Schwarz-Weiß-Denken

Den Menschen, die in den Sechzigern sozialisiert wurden, sagt man ein schlichtes Weltbild nach. Sie leiden an Dichotomie, ihr Leben wird bestimmt von Schwarz und Weiß, und sie werden sich hüten, diese beiden sich ausschließenden Mengen zu vermischen, denn sie fürchten, im tristen Grau zu ertrinken. Schuld an der Misere ist das Schwarzweißfernsehen, das damals gerade aufblühte, auch wenn es erst nachmittags begann und nur am Wochenende gegen halb zwölf endete. In dieser für die Gegenwart sehr beschränkten Zeit gelang es doch, die Zuschauer, die begierig die neue Reiznahrung verschlangen, so zu prägen, dass sie schließlich oben von unten, rechts von links und hinten von vorn unterscheiden konnten, was das Leben erst lebenswert machte. So ganz nebenbei lernten sie wesentlich Elemente des amerikanischen Lebens kennen; bislang war ihr Wissen auf Kaugummi und Donald Duck beschränkt. Es gesellten sich Fury und Lassie dazu; Slim und Jesse gaben sich ein Stelldichein und überhaupt wurde der aufmerksame Zuschauer an den Kühlschrank und die Fliegengittertür herangeführt. Es wurde aufgeräumt mit der Lüge, Indianer seien rot, sie zeigten sich nämlich lediglich in Grau. Nur die Weißen waren und sind weiß. Und Weiß steht für gut und sauber, für gerecht und schwer in Ordnung. Der Amerikaner hat mit unendlicher Geduld dafür gesorgt, dass seine Welt weißer wurde und das kommt heute allen zugute.

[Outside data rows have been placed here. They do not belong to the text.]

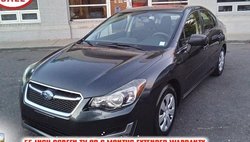 2015 Subaru Impreza 2.0i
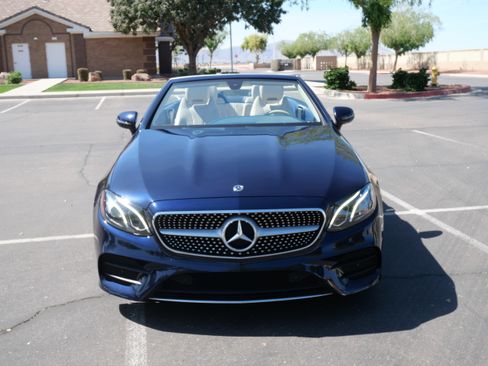 Used 2020 Mercedes-Benz E 450 Cabriolet image 6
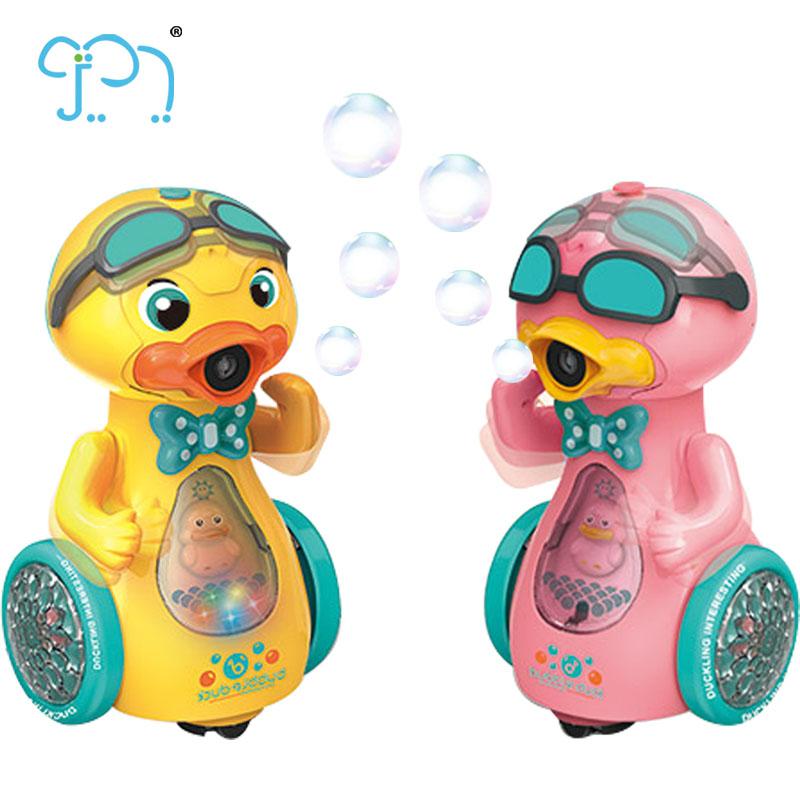Открытый аккумулятор с батарейным питанием для детей Bubble Blower Duck Bubble Machine Toys Автоматические игрушки со звуком и
Открытый аккумулятор с батарейным питанием для детей Bubble Blower Duck Bubble Machine Toys Автоматические игрушки со звуком и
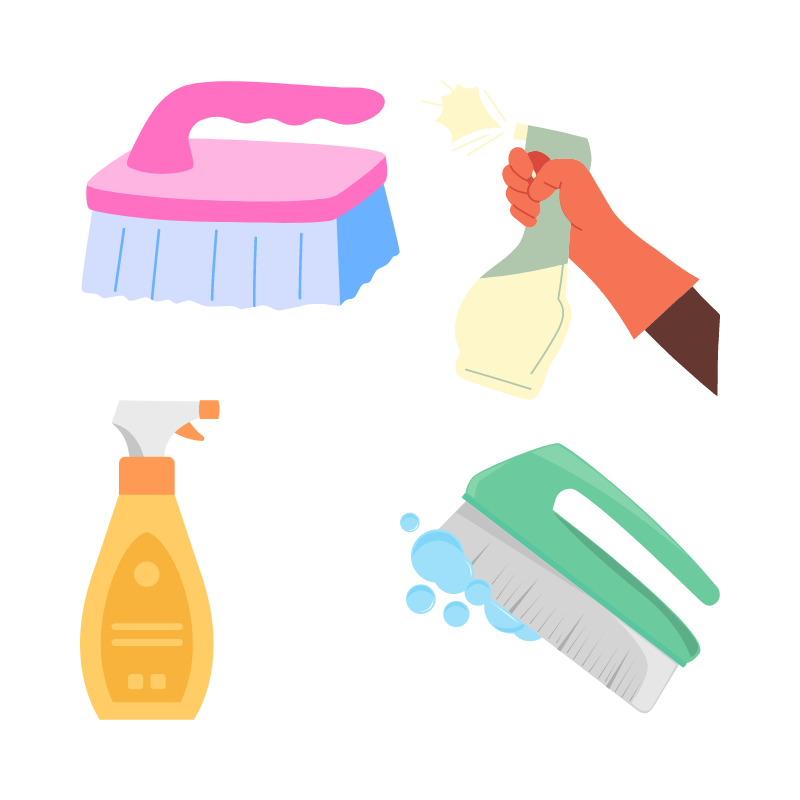 Cleaning Kits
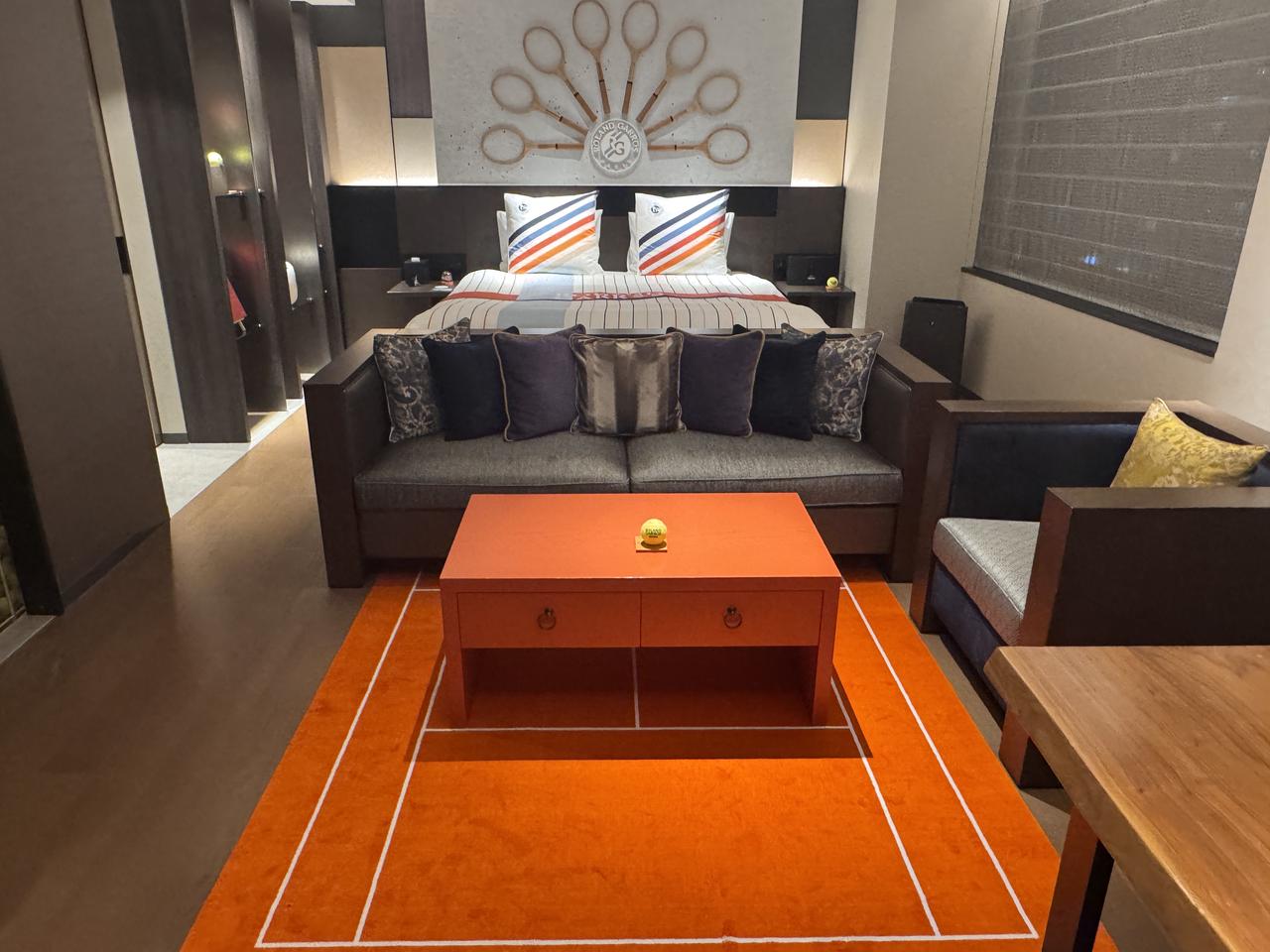 画像16: ローランギャロスが東京に舞い降りる♡【プルマン東京田町】で味わう「ローランギャロス ハイティー」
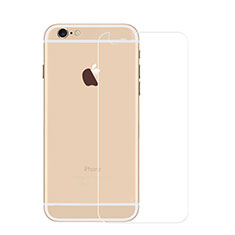 Apple iPhone 6S用高光沢 背面保護フィルム H01 アップル クリア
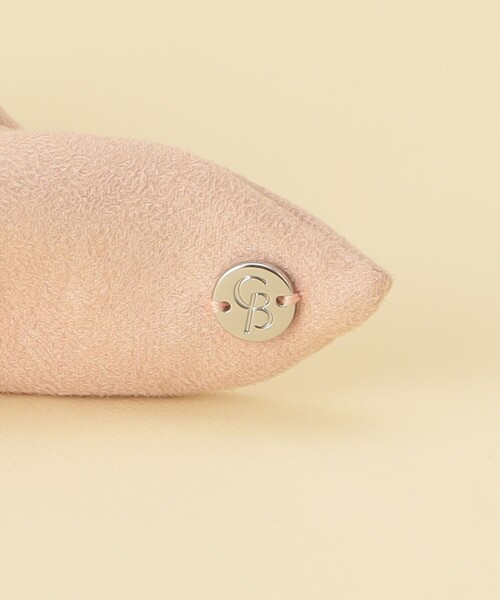 CB CRESTBRIDGE（シービークレストブリッジ）の「リボンシュシュ（シュシュ・レディース・ベージュ系その他5/ブルー系その他4/ピンク系その他2・FREE）」の7枚目の写真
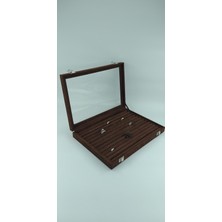 Stand Market  Yüzük Kutusu Sosis Model Alcantara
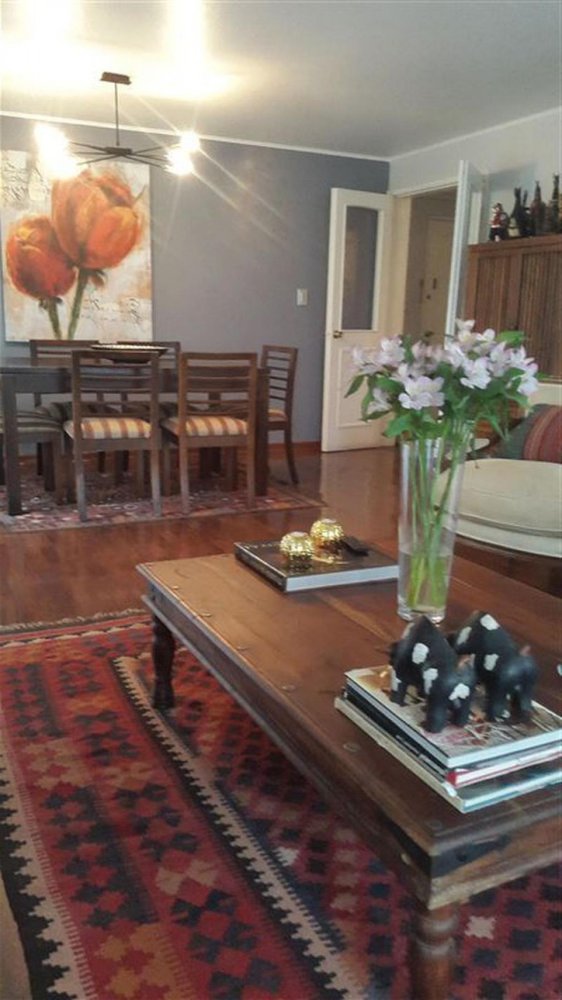 3 bedrooms Apartment in Santiago, Chile No. 1837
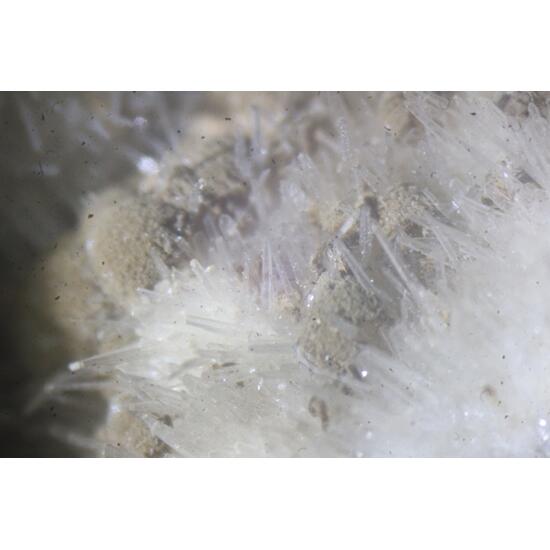 Kutnohorite & Aragonite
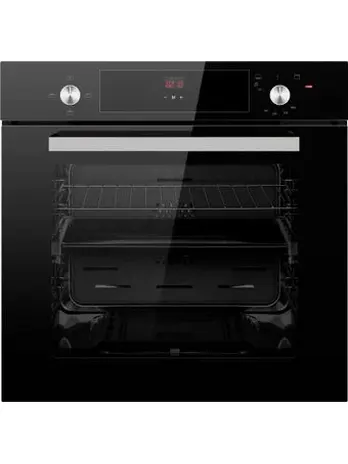 Духовой шкаф Weissgauff WGO 706 D Black Glass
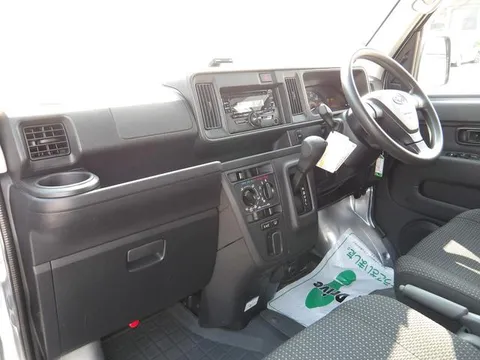 Subaru Sambar Van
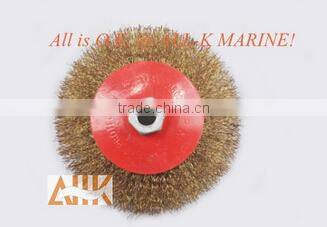 Conical Wire Brush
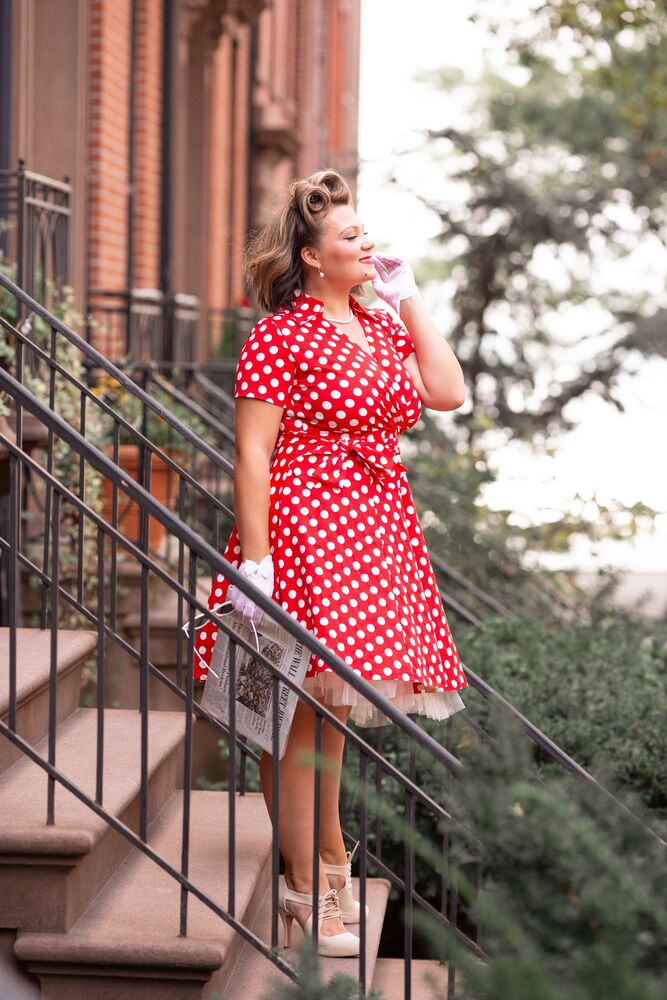 Housewife from the 60th (4)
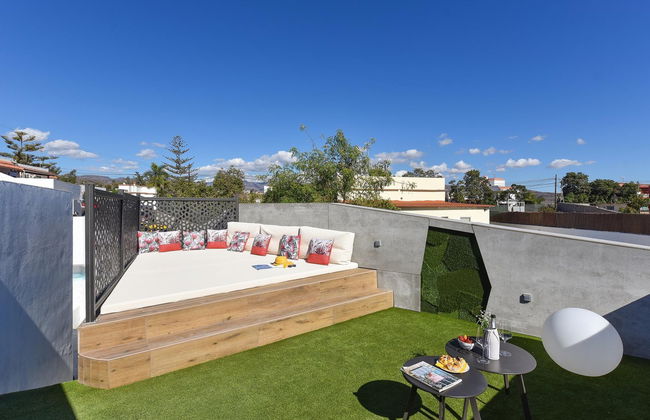 Haus mit 4 Schlafzimmern in San Bartolomé de Tirajana mit privater pool und garten - Foto 29
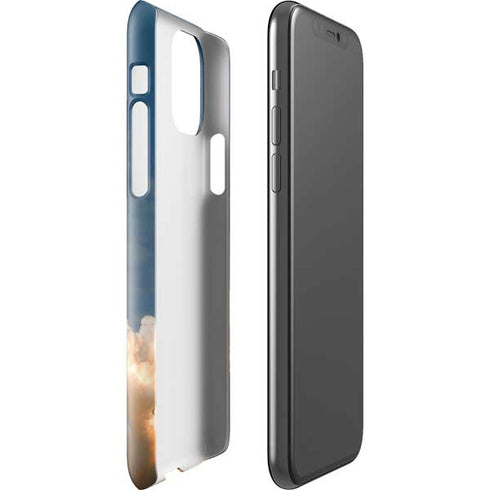 Space Shuttle Atlantis Liftoff iPhone 11 Pro Lite Case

Der heute 50- bis 60-Jahre alte Mensch krankt noch immer an der Dichotomie und das Farbfernsehen kann ihm da nicht weiterhelfen, denn es fällt ihm schwer mehr als zwei Informationen auf einmal aufzunehmen, was aber schon der Fall wäre, wenn ein Gelb und ein Ocker dazukämen. Gesellschaftlich oder individualpsychologisch ist dieses Problem nicht mehr zu lösen, aber die Zeit heilt ja bekanntlich alle Wunden.
(Foto: Nervige Typen lassen sich auch in Schwarzweiß nur schlecht ertragen.)